As was demonstrated in a former study[33], the disclosure of coronary heart disease risk estimates indicated that the inclusion of genetic risk information resulted in lower levels of LDL-C compared to the disclosure based on conventional risk factors only. Genetic risk information for common diseases could be incorporated into the conventional predictive model and used to guide treatment. Considering how lipids level impressed CVD[34, 35], it’s reasonable to infer that the addition of the GRS into the prediction model of dyslipidemia might help individuals prevent abnormal blood lipid levels and thus contribute to the prevention of cardiovascular events.
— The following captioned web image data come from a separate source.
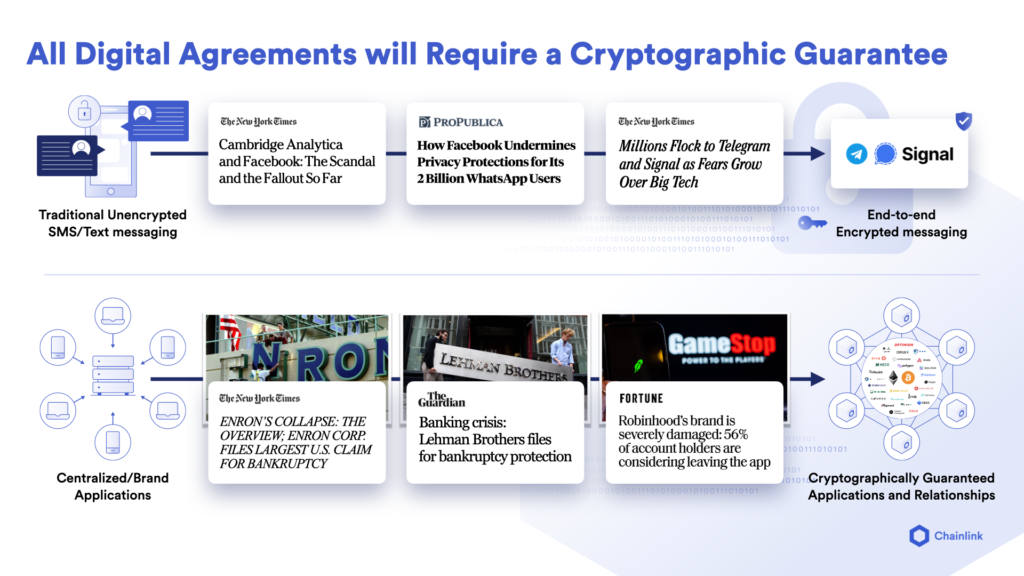 All digital agreements will require a cryptographic guarantee.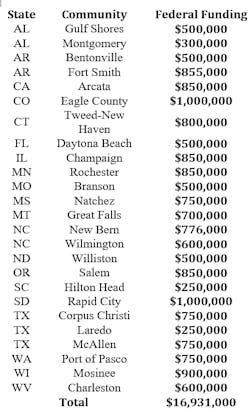 The 25 communities receiving grant awards this year The 25 communities receiving grant awards this year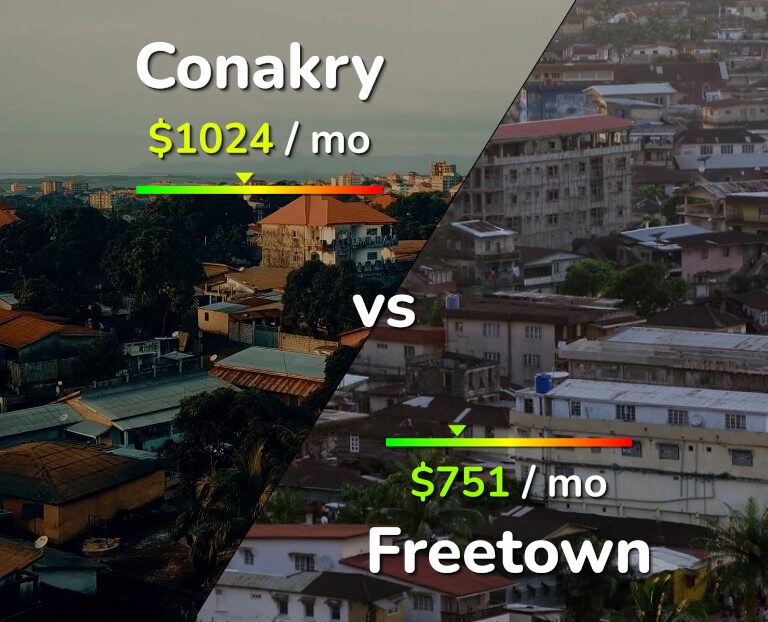 Cost of living in Conakry vs Freetown infographic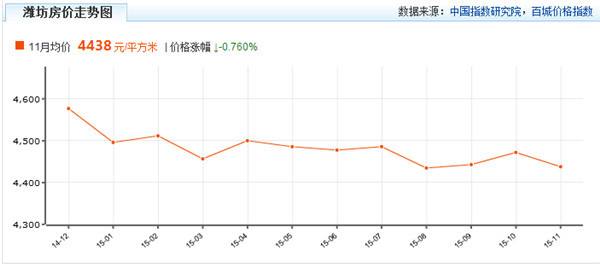 未来五年潍坊房价走势_潍坊房价2020年走势最新消息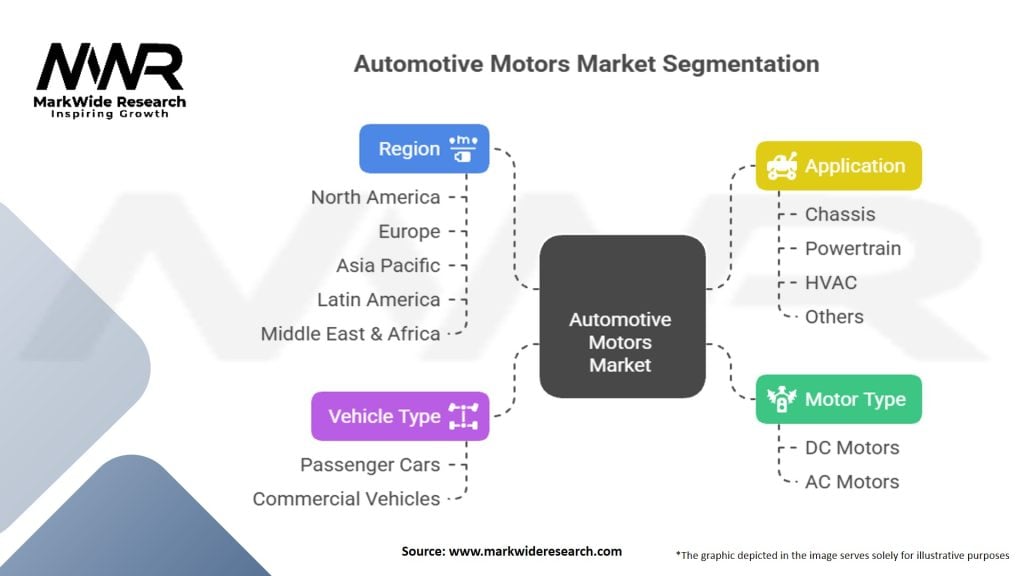 Automotive Motors Market Segmentation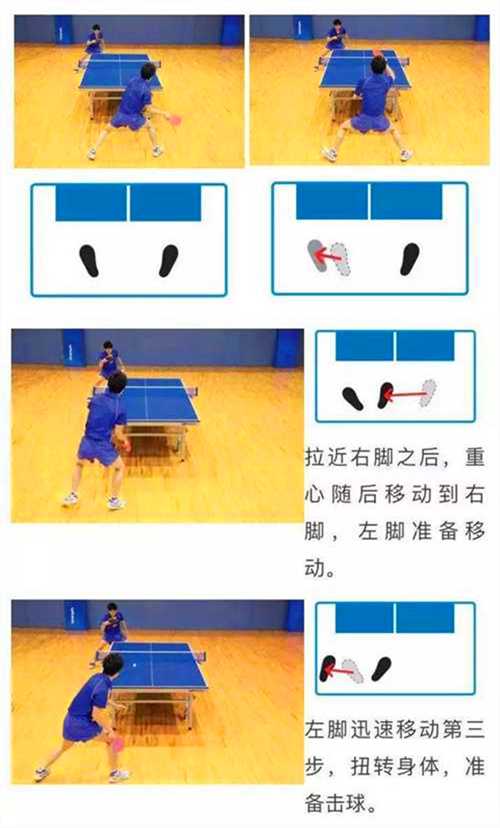 常用的乒乓球運(yùn)動(dòng)的3種左右步法，你都知道嗎？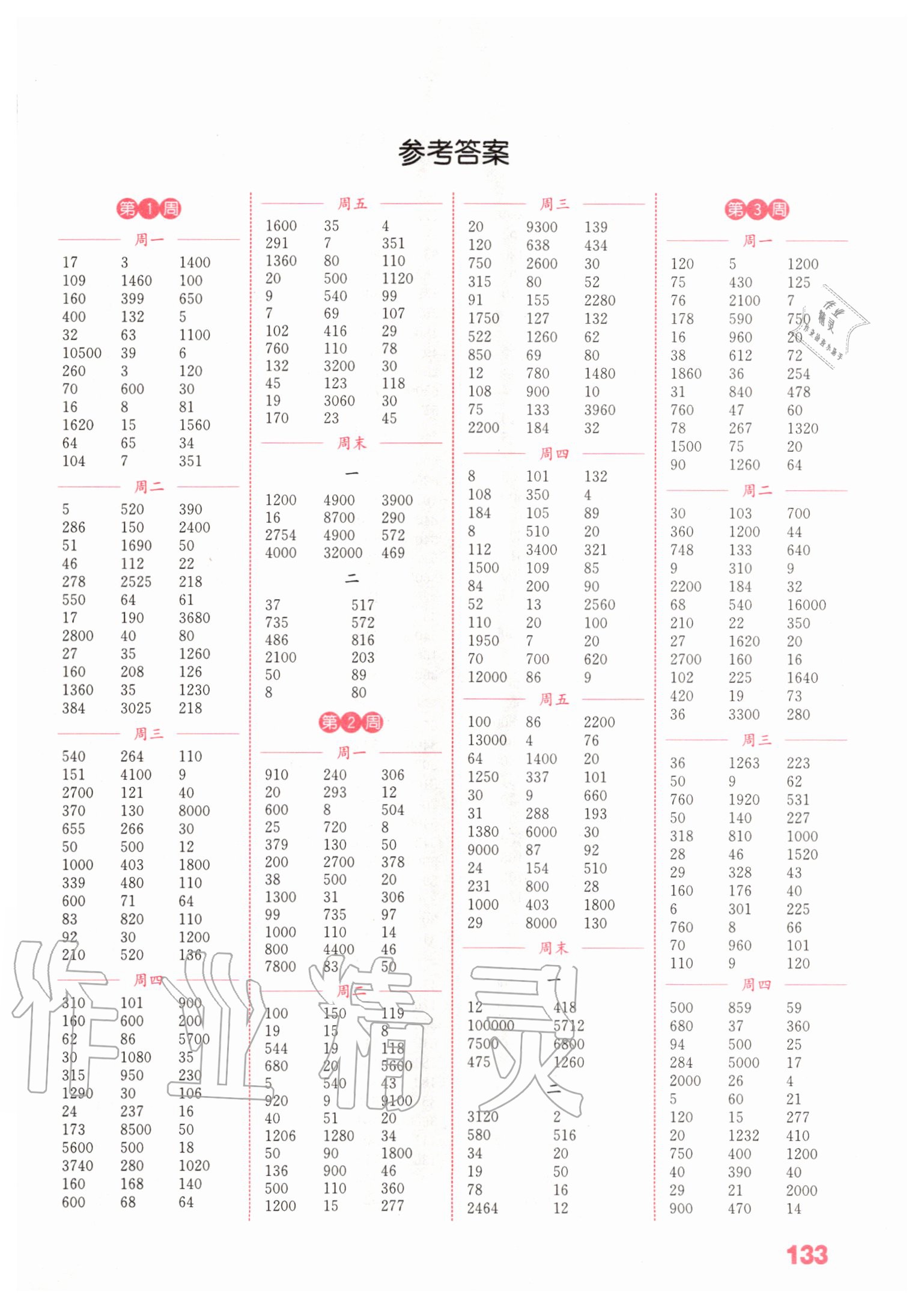 2020年通城學典小學數(shù)學計算能手五年級上冊蘇教版江蘇專用 參考答案第1頁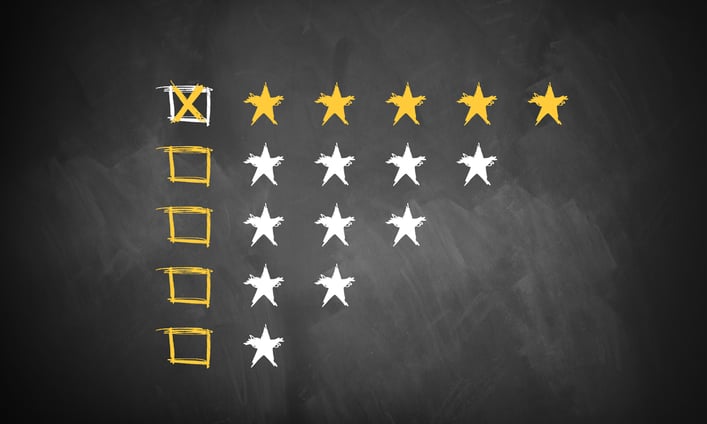 Amazon-Review-Ecommerce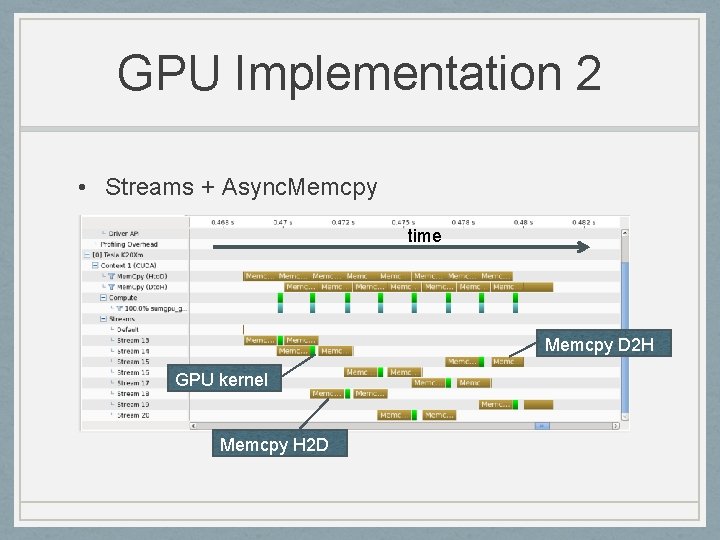 GPU Implementation 2 • Streams + Async. Memcpy time Memcpy D 2 H GPU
Strengths and limitations: this research clarified the crucial impact of genetic information in predicting dyslipidemia in rural area, signifying the certain guiding role of the gene in the prevention and treatment of clinical dyslipidemia. To some extent, the research indicated that the machine learning method might have certain advantages in the construction of the disease prediction model. As well, a cohort study was used to construct the conventional model and to analyze the relationship between genetic factors and dyslipidemia, making the results more convincing. Yet, several limitations need to be remarked. The integration of the four lipid measurements (TC, TG, LDL-C, and HDL-C) into dyslipidemia might gloss over the ability of genetic information in each lipid indexes. But there was no denying that genetic information was impressive in blood lipids, providing a foundation for the follow-up studies about genetic factors and lipid levels. Another limitation concerns that the brier score failed to test statistically in assessing the calibration of models, though the value has declined. Thirdly, the extrapolation of the conclusions is restricted by the lack of external validation. However, 30% of subjects were randomly selected to conduct internal verification to increase the credibility of the study. Meanwhile, the representation might limit as a result of the recruited subjects only came from the rural area in China.